There are several limitations to the study of Garry and colleagues. First, the definitions of HF and COPD, the exposures of interest, were based on ICD codes, which may have limited accuracy. Further, because there were no set intervals for repeating TTE in the cohort, ascertainment bias may impact the observed incidence rate and associations. Pulmonary function test results were not reported because these were not routinely available in the VA cohort; therefore, we do not have insight into the relationship between COPD severity and incident PH or the potential relationships between incident PH and other pulmonary function markers of pulmonary vascular disease such as diffusing capacity for carbon monoxide. The authors do not incorporate additional TTE-based measures, such as right atrial area and tricuspid annular plane systolic excursion to pulmonary artery systolic pressure ratio, as recommended by current PH guidelines to inform an estimated probability of PH (16).

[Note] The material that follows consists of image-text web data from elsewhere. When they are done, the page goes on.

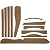 ROCKLER Adirondack Chair Plans with Cardboard Templates – Easy-to-Build - Classic Adirondack Chair Plan Only -Includes Step-by-Step Instructions for Entire Construction Process – Made in USA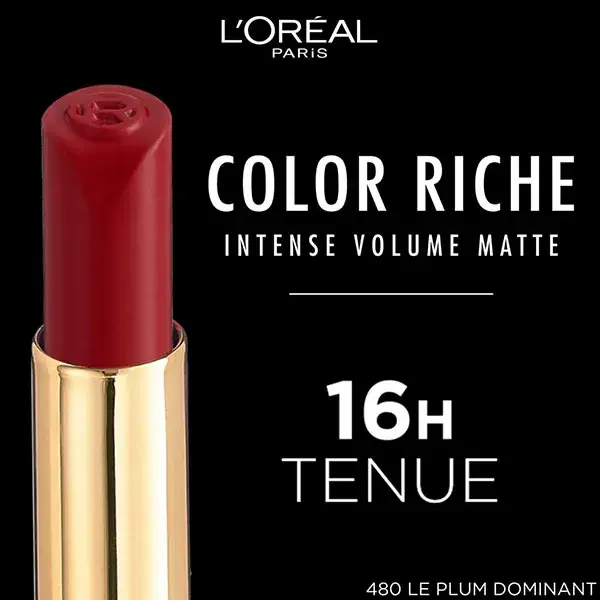 L'Oréal Paris Color Riche Intense Matte Volume Lipstick No. 480 Le Plum Dominant 1,8g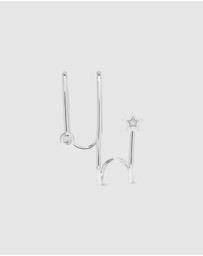 Wanderlust + Co - In The Star Silver Ear Cuff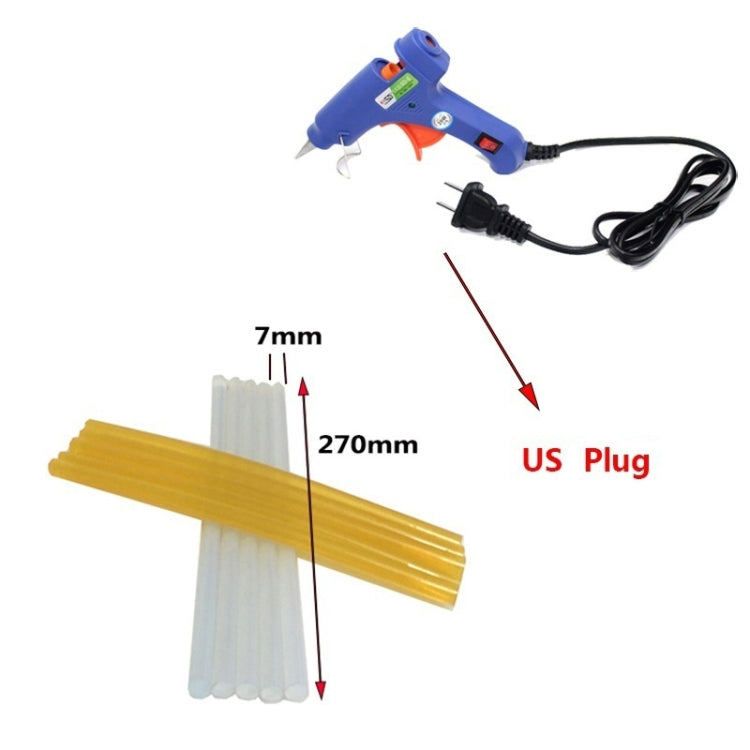44 in 1 PDR per auto in metallo, estrattore per ammaccature ed estrattore di colla, kit di strumenti per la riparazione di ammaccature senza vernice, con pistola per colla da 20 W, spina americana o europea, 44 in 1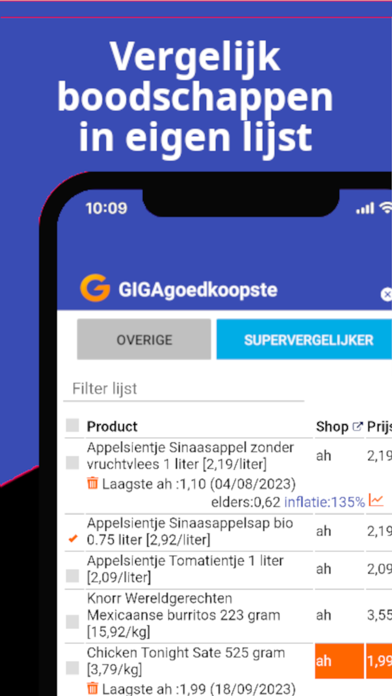 GIGAgoedkoopste Screenshot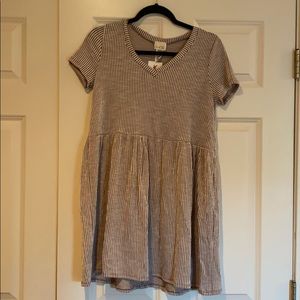 striped babydoll dress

Inclusion of these measurements may improve the accuracy of TTE-based diagnosis of PH. In addition, diagnosis of PH by TTE has significant limitations, including variable accuracy of RVSP estimates compared with invasively measured pulmonary artery systolic pressure, particularly in patients with underlying lung disease, and an inability to accurately identify hemodynamic phenotypes of PH. Given the known differences in outcomes based on the hemodynamic phenotype, i.e., precapillary, isolated postcapillary, and combined pre-/postcapillary PH in HF and COPD, future studies should include invasive assessment of patients with TTE evidence of PH to better characterize their PH to inform subsequent risk and treatment options.

Despite these limitations, the work by Garry and colleagues offer important epidemiologic evidence of: 1) a high incidence of PH in at-risk populations of individuals with HF and COPD and 2) a strong association between PH and survival in these populations. Future studies should focus on the development and implementation of standardized early detection protocols for PH in HF and COPD with a goal of reducing morbidity and mortality in these complex cardiopulmonary diseases.